Looking Beyond CMOS Technology for Future HPC
April 5, 2016
7:00-8:00 AM: Breakfast and Registration
8:00-8:15 AM: Welcome and Introductions - Neena Imam
The United States has a new HPC roadmap that includes the National Strategic Computing Initiative to build within the next decade exaflop (1018 operations per second) supercomputers that can analyze up to one exabyte (1018 bytes) of data. Exascale computing will address key questions of national significance and help maintain U.S. competitiveness. This talk will discuss the current state of supercomputing, the exascale requirements, and the possible ways of achieving this crucial milestone.

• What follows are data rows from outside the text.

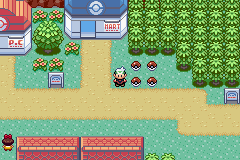 Pokemon Expert Emerald GBA ROM Hacks 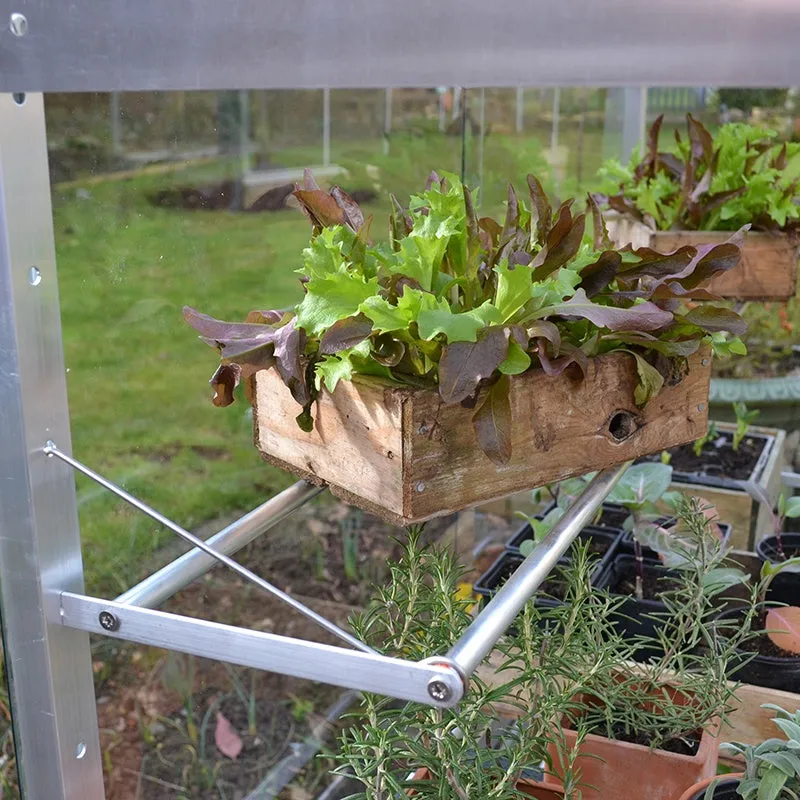 World Botanics 4ft Growhouse kweekkas gehard glas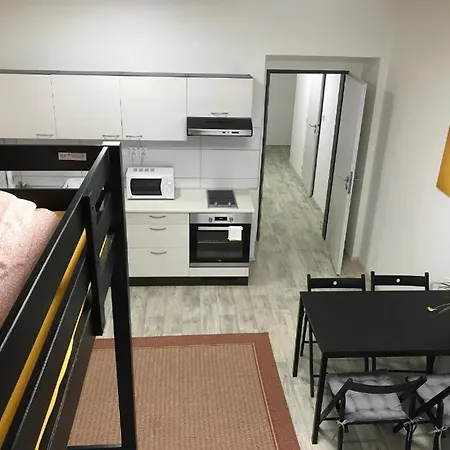 아파트 Apartmans In The Center With Privat Parking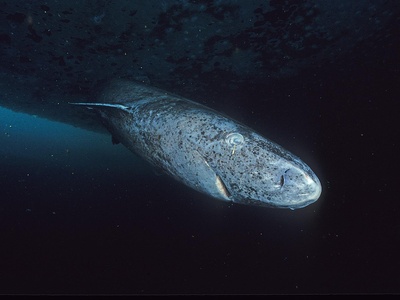 Greenland shark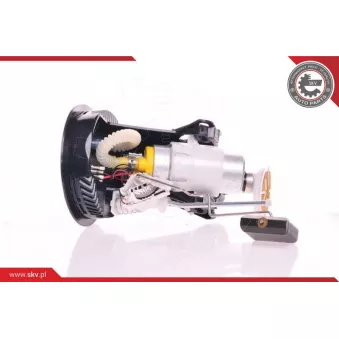 Unité d'injection de carburant ESEN SKV 02SKV705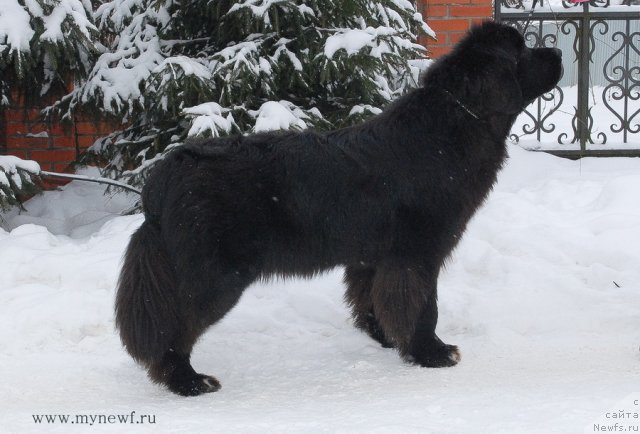 Фото: ньюфаундленд King of Helluland Over Ruled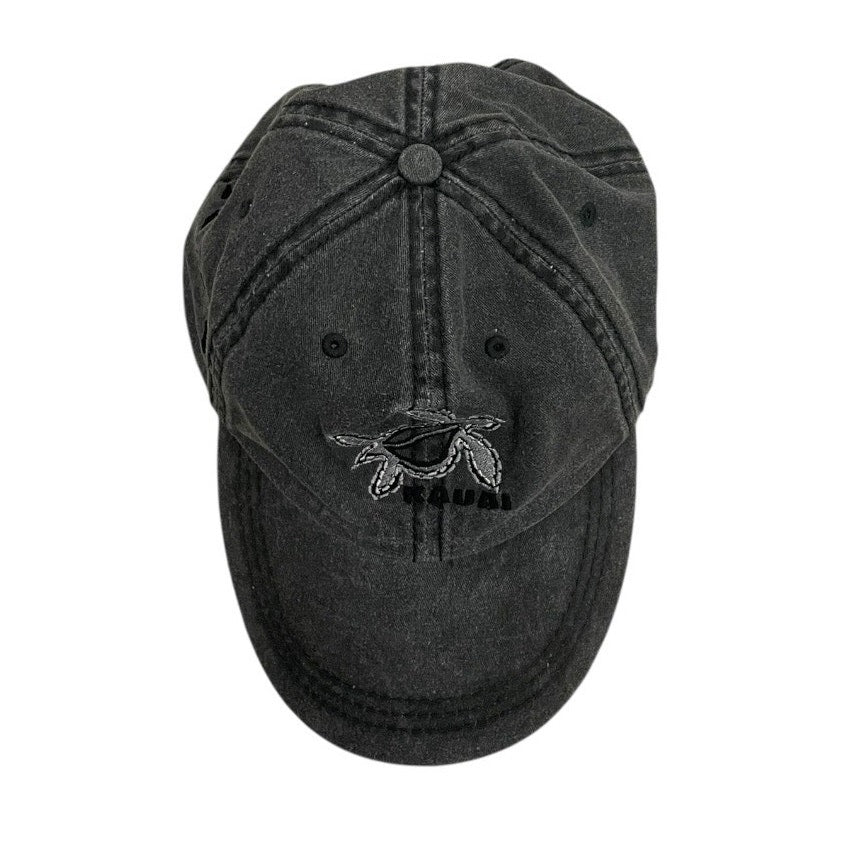 Hat Graphix 360 Grey Kauai Sea Turtle Cap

Manufacturers are reaching a new phase in CMOS evolution using advanced device architectures and new fabrication processes. We may be able to reach exascale by leveraging the new generation of CMOS logic. Other necessary boosts in our near-term computing power will come from systems engineering via multi-core/many-core/accelerator architectures, 3D integration and packaging for deeper memory/storage hierarchy, and photonics integration to enable faster data transport.
As we prepare for exascale, we must also establish new hardware technology and related ecosystem for future HPC, even after the limits of Moore's Law is reached due to limitations imposed by fundamental physics. Although Moore's Law is slowing down, the end of Moore's Law will spur innovation and lead us to new architectures that will help us solve problems that are not solvable today. We discuss some of these exciting new possibilities.
Session 1: Nanomaterials for Future HPC
Since we are rapidly approaching the minimum effective size of CMOS circuitry, nano-electronics might hold the answers to increasing the device capabilities at reduced footprint and power. In this session, we will discuss disruptive technologies such as Carbon nanotube based transistors, HPC applications of Carbon based nanomaterials such as Graphene, etc. We will also discuss the technical challenges of maintaining the advantageous properties of nanomaterials at very large scale.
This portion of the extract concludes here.